- What this task involves: With pictures left out, return only the lines from the line containing "Creation-based science curriculum" through the end of the material below, both included.

- Listed records:
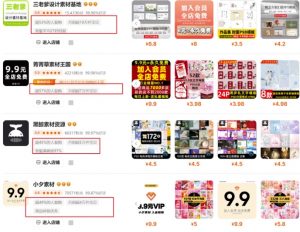 0成本虚拟项目实战手把手教你落地，单店月入5k-大齐资源站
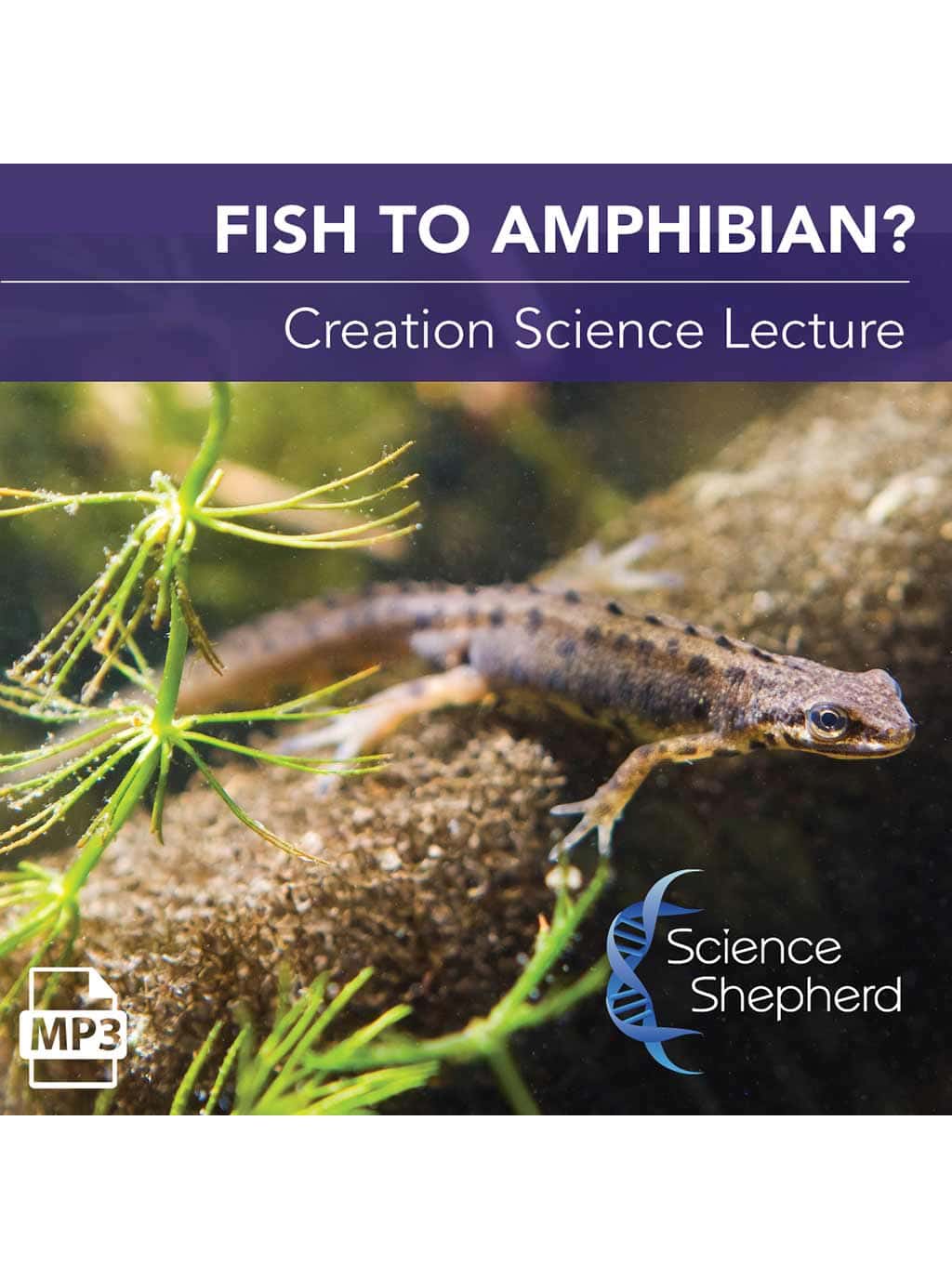 Creation-based science curriculum mp3 lecture Fish to Amphibian? cover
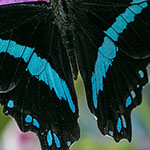 African Blue-banded Swallowtail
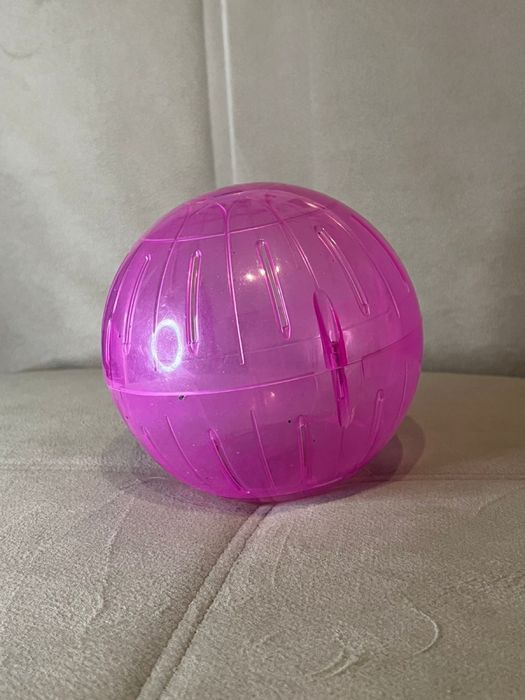 Продам хомяков с клеткой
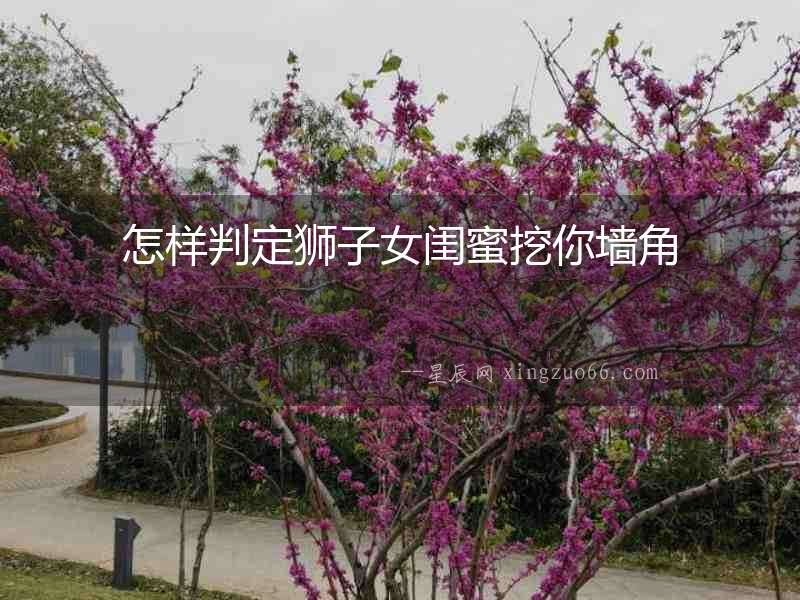 怎樣判定獅子女閨蜜挖你墻角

- Response to this task:
 Creation-based science curriculum mp3 lecture Fish to Amphibian? cover
 African Blue-banded Swallowtail
 Продам хомяков с клеткой
 怎樣判定獅子女閨蜜挖你墻角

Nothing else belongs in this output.